John A. Noble, American painter and mariner


"Anywhere men work or build on the water is of interest to me...My life's work is to make a rounded picture of American maritime endeavor of modern times."
John A. Noble (1913-1983)
Dying in the English Kills, Man & Mast #2 (Brooklyn)
1967
Lithograph, edition of 300
Signed and titled in pencil
23" x 26 3/4" framed
  
Born in Paris in 1913, John A. Noble was the son of the noted American painter, John “Wichita Bill” Noble. He spent his early years in the studios of his father and his father’s contemporaries, innovative artists and writers of the early 20th century. A graduate of the Friends Seminary in New York City, Noble continued his studies in France at the University of Grenoble. There he met his wife and lifetime companion, Susan Ames. When he returned to New York, he attended the National Academy of Design.

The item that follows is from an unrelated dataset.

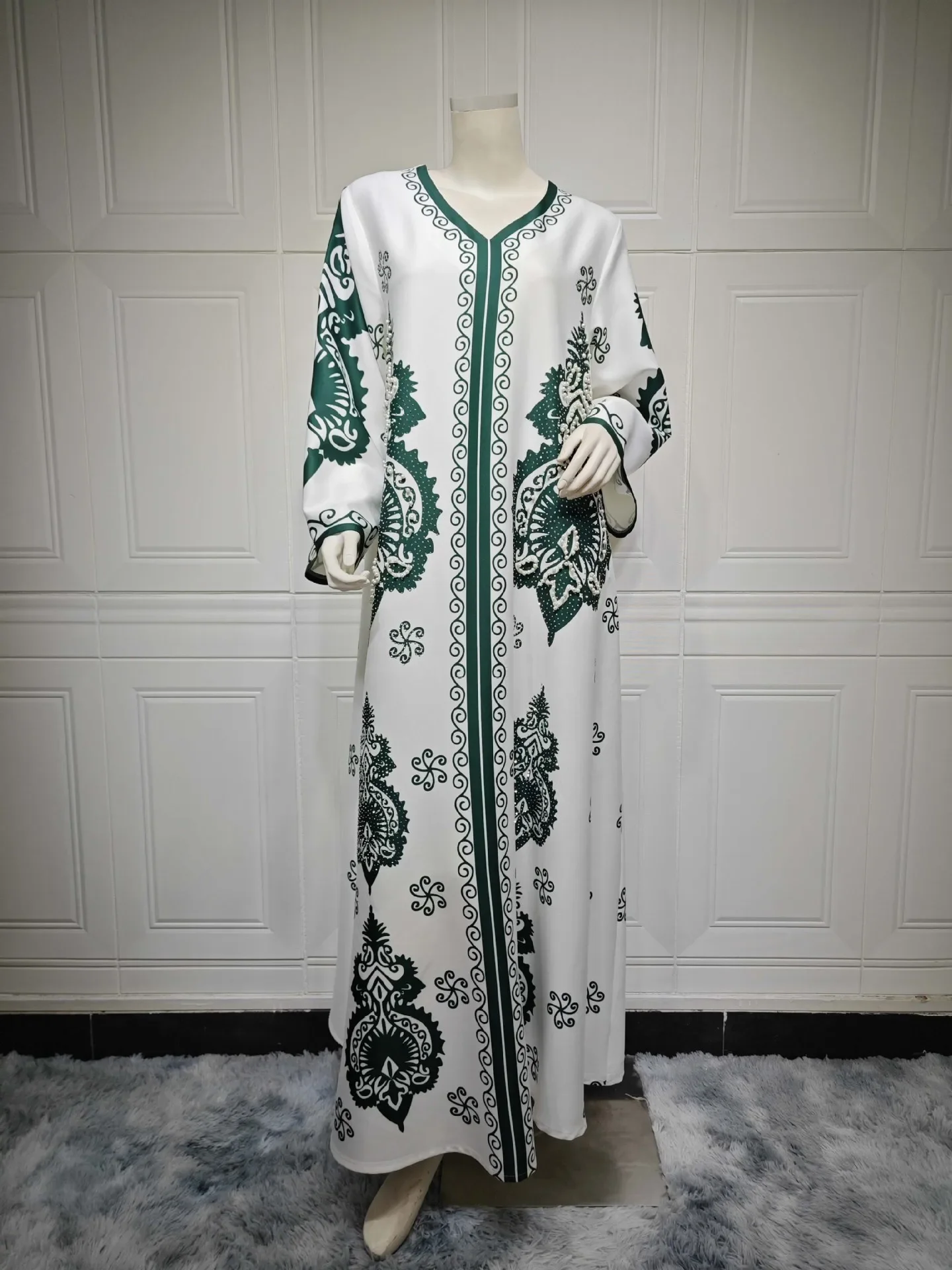 Wheelsraw event dresses for women luxury Femme Fashion Diamond Print Muslim Evening Dress Light Luxury Arabia Abaya Dubai Muslim Dress for Women Clothes for Muslim Women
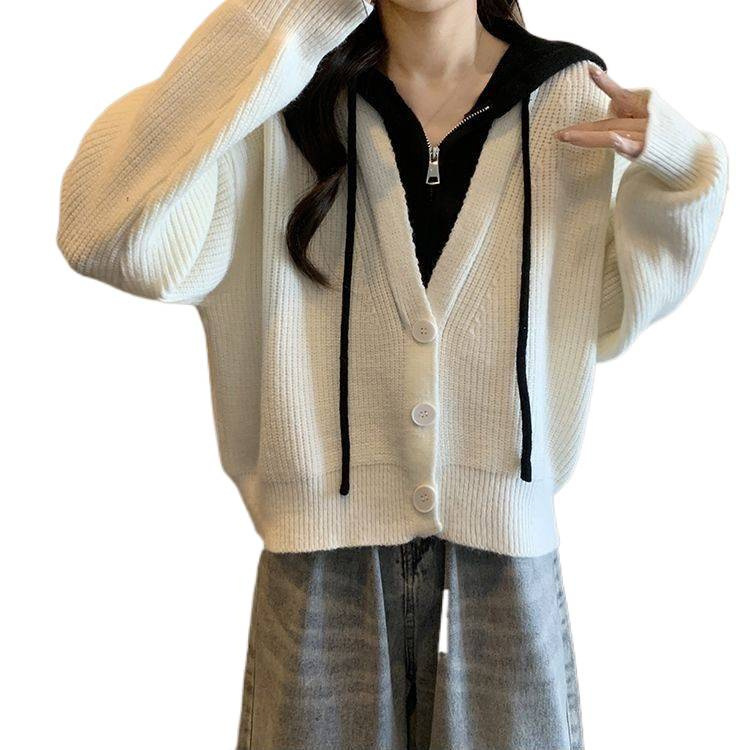 大码假两件短款连帽毛衣外套女秋冬胖mm显瘦遮肚子针织衫开衫上衣|undefined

Beginning at the age of 15 and continuing for almost two decades, Noble worked aboard schooners and in marine salvage. It was during this time that the artistic bug caught hold and Noble began drawing and painting. In 1928, while on a schooner that was towing out down the Kill van Kull- the tidal strait that separates Staten Island from New Jersey- he saw the old Port Johnston coal docks, “the largest graveyard of wooden sailing vessels in the world”, for the first time. He would later comment that this sight changed his life forever. In 1941, Noble began to build his floating studio out of parts from the vessels he salvaged. Noble would use a rowboat to explore the harbor, taking detailed records of the boats, workmen, and industries that came and went.

Despite his artistic provenance and critical praise of his work, Noble always remained intimate with the people of the coal docks. “I’m with factory people, industrial people, the immigrants, the sons of immigrants. It gives life to it,” he stated. Late in his life, Noble recalled his first compelling views of New York Harbor. “I was crossing the 134th Street Bridge on the Harlem River on a spring day in 1928, and I was so shocked--it changed my life. I was frozen on that bridge, because both east and west of the bridge were sailing vessels. And I thought sailing vessels, you know, were gone... There it was, and I couldn’t eat, or anything; I was so excited.” By the time of his death in the Spring of 1983 - shortly after the passing of his beloved Susan - the sailing vessels he loved were all gone, and the maritime industry in the area had diminished significantly.

Arader Galleries is proud to present John A. Noble’s Dying in the English Kills, Man & Mast #2 (Brooklyn). This exquisite lithograph portrays a mariner atop the mast on a sailing vessel navigating the English Kills, a tributary along the Newport Creek separating Brooklyn and Queens.